- [DATASET CONTENT]
--------
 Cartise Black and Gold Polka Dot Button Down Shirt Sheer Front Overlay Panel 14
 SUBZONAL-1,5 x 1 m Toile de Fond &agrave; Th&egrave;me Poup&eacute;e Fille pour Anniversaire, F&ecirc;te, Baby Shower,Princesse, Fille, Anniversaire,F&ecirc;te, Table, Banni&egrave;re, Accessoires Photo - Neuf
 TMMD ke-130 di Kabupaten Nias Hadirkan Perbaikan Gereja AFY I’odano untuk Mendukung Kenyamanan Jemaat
--------
- [TRY IT]
Every line from the one containing "SUBZONAL-1,5 x 1" to the end of the material above must be written out exactly. Nothing else is wanted.

- [SOLUTION TO THIS PROBLEM]
 SUBZONAL-1,5 x 1 m Toile de Fond &agrave; Th&egrave;me Poup&eacute;e Fille pour Anniversaire, F&ecirc;te, Baby Shower,Princesse, Fille, Anniversaire,F&ecirc;te, Table, Banni&egrave;re, Accessoires Photo - Neuf
 TMMD ke-130 di Kabupaten Nias Hadirkan Perbaikan Gereja AFY I’odano untuk Mendukung Kenyamanan Jemaat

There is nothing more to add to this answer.